CHI SONO?
Aldo Palazzeschi

TESTO

Son forse un poeta?
No, certo.
Non scrive che una parola, ben strana,
la penna dell’anima mia:
« follìa ».
Son dunque un pittore?
Neanche.
Non ha che un colore
la tavolozza dell’anima mia:
« malinconìa ».
Un musico, allora?
Nemmeno.
Non c’è che una nota
nella tastiera dell’anima mia:
« nostalgìa ».
Son dunque... che cosa?
Io metto una lente
davanti al mio cuore
per farlo vedere alla gente.
Chi sono?
Il saltimbanco dell’anima mia.

PARAFRASI

Son forse un poeta? = L’inizio ricorda la poesia di Corazzini “Desolazione del povero poeta sentimentale” che inizia con “Perché tu  mi dici poeta? Io non sono un poeta” ma il tono della poesia di Palazzeschi è più ironico e irriverente tanto che il poeta arriva ad identificare il poeta con un saltimbanco mentre per Corazzini non era che un “piccolo fanciullo che piange”; in entrambi i casi vi è il rifiuto del ruolo poetico tradizionale.
follìa; malinconìa; nostalgìa: rappresentano i tre termini attorno ai quali si dipana questa poesia di Palazzeschi che sembrano dare un tono melodrammatico alla lirica mentre alla fine ci accorgiamo che è il tono tragico/comico di una burla.
Io metto una lente: il poeta mette una lente d'ingrandimento davanti al suo cuore affinché la gente possa più chiaramente vederlo e capirlo. 
Il saltimbanco: poeta=saltimbanco – prosopopea - questa identificazione richiama la problematica della identificazione del poeta con la posizione marginale e degradata del clown evidenziata anche da altri poeti crepuscolari come Moretti (nella lirica Poesie scritte con il lapis definisce il poeta “sembra il pagliaccio che egli è”) ed inoltre per Palazzeschi la vita vissuta, quotidiana, porta a nascondersi e camuffarsi, a destreggiarsi tra l'autenticità dell'anima e la mascheratura di ciò che mostriamo di noi stessi.


Analisi e commento:

Questa poesia di Palazzeschi (pseudonimo di Aldo Giurlani), apparsa per la prima volta nel volumetto Poemi (1909) pubblicato in autoedizione, rappresenta una scherzosa e rivoluzionaria autorappresentazione dell'autore, una sorta di "autoritratto in negativo". Come altre poetiche dell'epoca, da "Desolazione del povero poeta sentimentale" di Corazzini alla "Signorina Felicita" di Gozzano ("...Io mi vergogno/sì, mi vergogno d'essere un poeta" vv.306-307) fino a "Les dimanches" Francis Jammes ("...Penser cela est-ce etre poète?/Je ne sais pas.

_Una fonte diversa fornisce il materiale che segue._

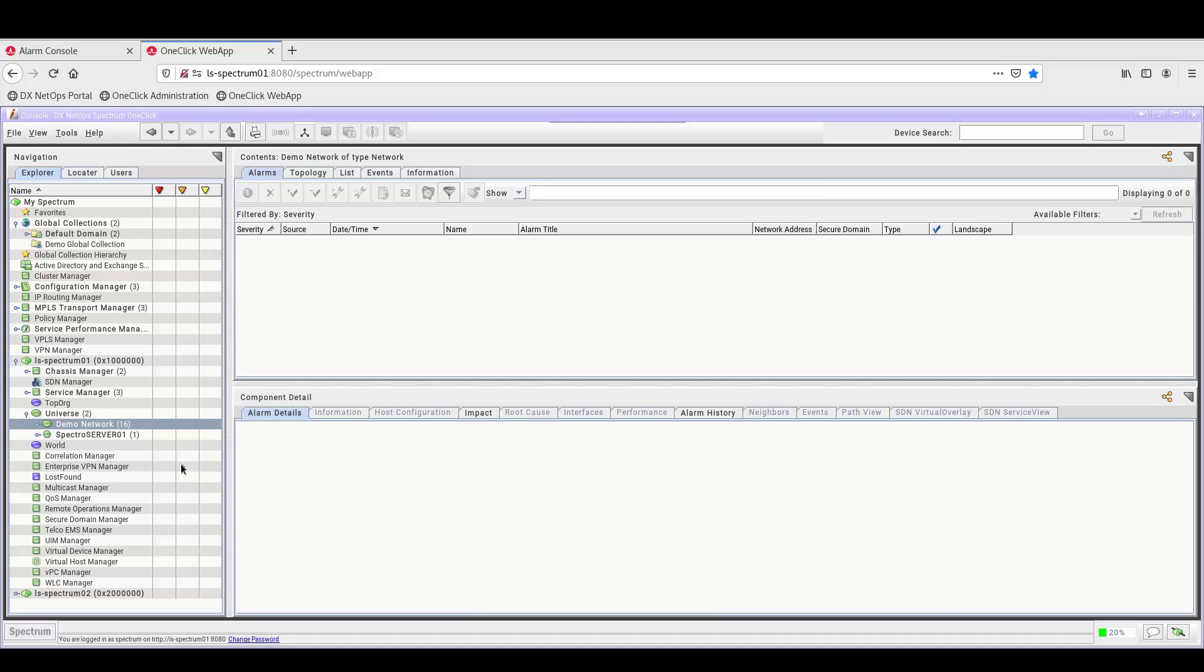This way, no matter which UI you are in, you will always see when alarms come in, and you can manage the alarms without switching UIs.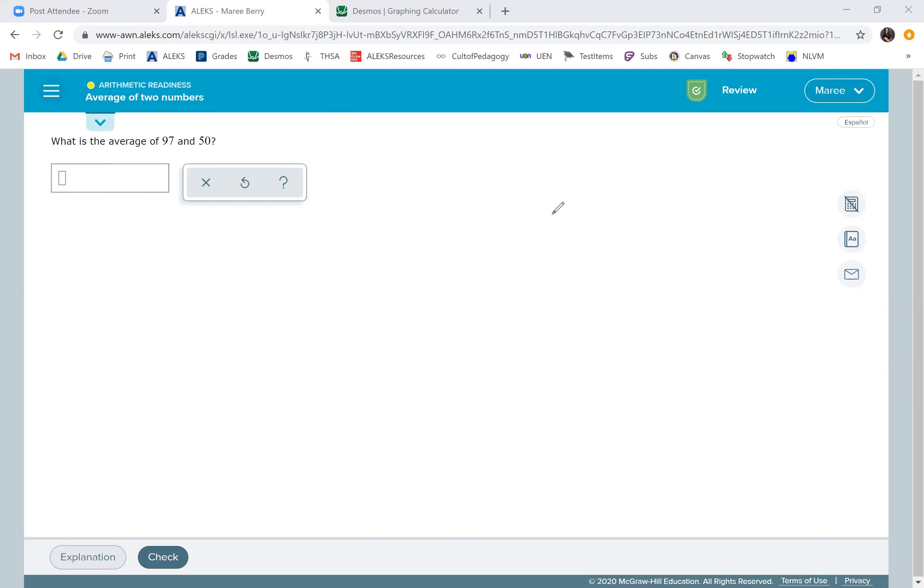So if you have 97 books in one pile, so let's say that's 97, and then you have 50 books in another pile, you want to organize them in such a way that both piles are the same height. So you're going to want to bring these over here.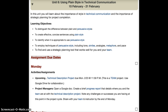Our learning objectives for this unit are to distinguish the difference between plain and persuasive styles, to create effective, concise sentences using plain style, to identify when it is appropriate to use persuasive style, to employ techniques of persuasive style including tone, similes, analogies, metaphors, and pacing, and to find and use a strategic planning tool that works well for you and your team.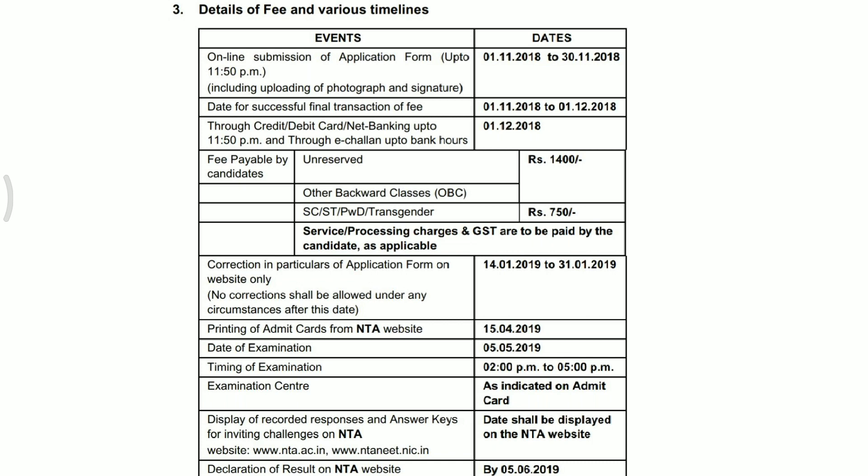Result 5th June 2019 को declare होगा। अगर आपके मन में कोई query है NEET examination या form से related तो comment section में पूछ सकते हो। अगर यह video पसंद आई हो तो like जरूर करें और उन बच्चों के साथ share करें जिनके काम यह information आ सकती है। Thank you so much, have a good day, bye bye!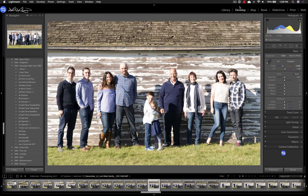Utilizing the presets in Lightroom is fairly straightforward. The first thing you need to do is install the presets. I did include documentation on how to actually install them, but here's a quick overview.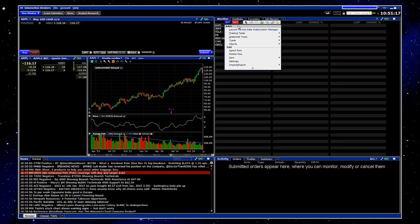Up here at the top right hand corner, you'll see this icon. If you drag the cursor over, it'll actually say option chain. Just click on that.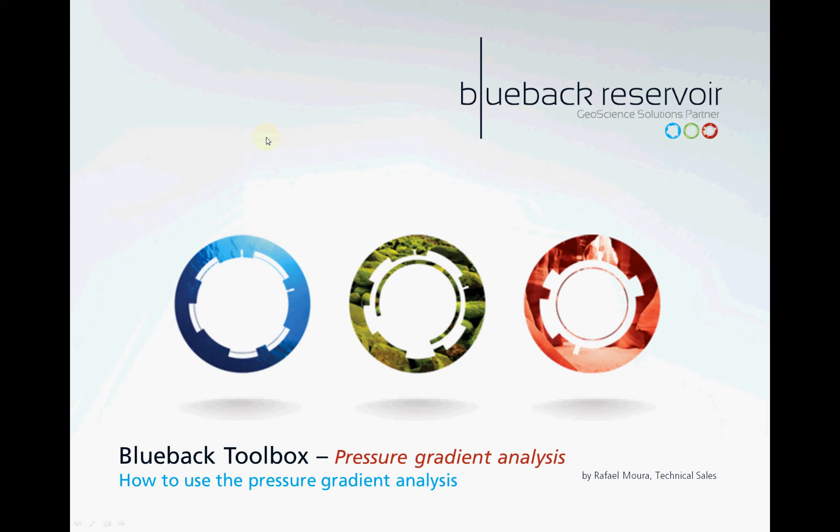What's that noise? It can only be a new functionality drop in the Blueback toolbox. Hello, my name is Rafael Moura and welcome to another how-tos with Blueback.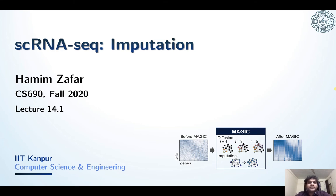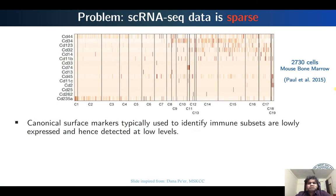Hello everyone, today we are going to discuss one of the important computational problems which also falls in the data preprocessing category for single-cell RNA sequencing data, and that is imputation of single-cell RNA sequencing data. In the last lecture, where we gave an overview of single-cell RNA sequencing, we talked about different problems with single-cell RNA sequencing data, and one of those problems was that it was very sparse. Quality control has to be done before the data is used to answer any biological question, and one of those steps involves how to impute the sparse data set.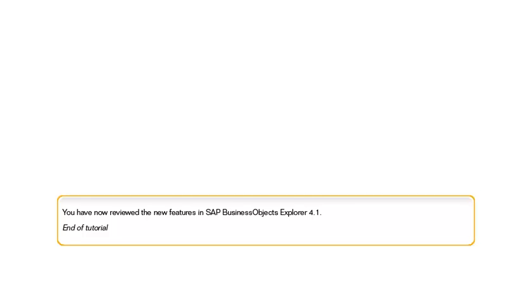You've now reviewed the new features in SAP Business Objects Explorer 4.1. For more information, visit www.FEMA.gov.au. Thank you.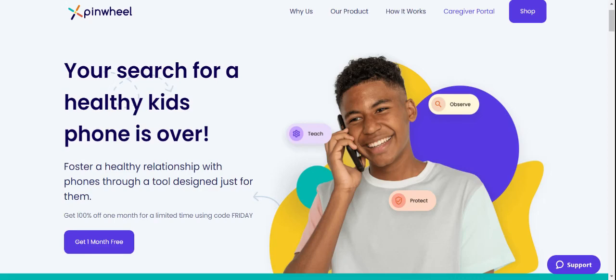Welcome to Pinwheel. While you're waiting on your phone to arrive, let's take some time to set up your caregiver portal. We can complete this in about 10 minutes, and you can pause the video and take as much time as you need.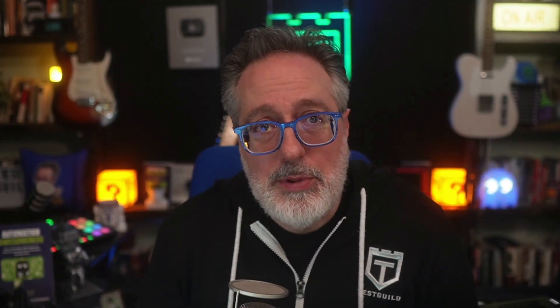Enter CyPrompt. It's an experimental feature from Cypress that lets you write tests in plain English — actual plain English — and have them automatically adapt when your UI changes. So instead of hunting down selectors, you just describe what you want to do. Notice how I'm using just plain English to describe what I want the test to perform. No selectors, no memorizing API methods. Just describe what you're testing.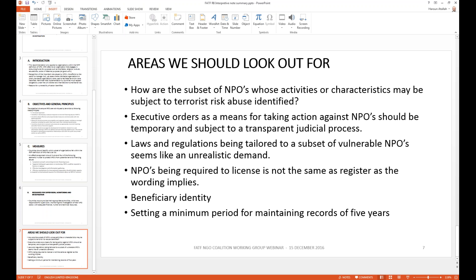The language stating that NPOs 'could be required to license or to register' implies these are equivalent, but they are not. In parts of the world, NPOs are restricted from accepting funds without a license — multiple licensing and registration processes can create significant hurdles for NPOs to operate. The interpretive note mentioned this as a tool for governments without specifying the conditions under which it would be implemented.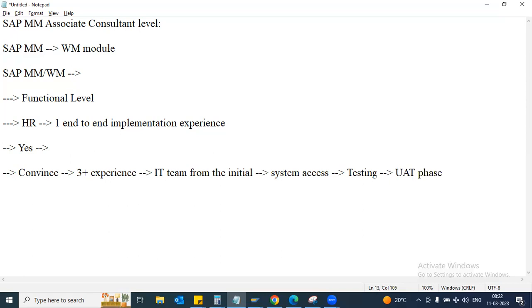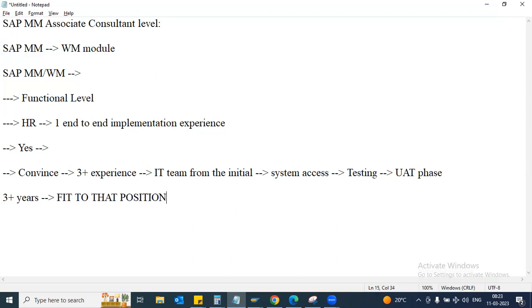From that experience you can convincingly share with the interviewer. There is a high chance they may shortlist you or keep your profile in their database and call back when a suitable position arises. If they're looking for someone with three-plus years of consulting experience, you may not fit that role - the pressure of delivery may be too much. In that case they may keep your profile for a junior role, analyst role, or associate role where you work as a shadow resource, doing configuration alongside a senior consultant without direct client solution responsibility.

Qu'est-ce que je sais?"vv.14-15), vi è il rifiuto del ruolo poetico tradizionale. Non trascurabile è il fatto che siamo in piena epoca di poeti-vati e di poesia autocelebrativa (D'Annunzio) e dunque la posizione "negativa" rappresenta la forte opposizione culturale e la naturale reazione al superomismo dannunziano. L'analisi di Palazzeschi, pur se in modo aggraziato e con fare gioioso, verte sulla negazione delle attività intellettuali più nobili, il comporre poesia, il dipingere, il fare musica, e tutto viene ridotto all'ironica immagine funambolesca del poeta-saltimbanco.

Metrica:

Versi liberi con predominio di senari.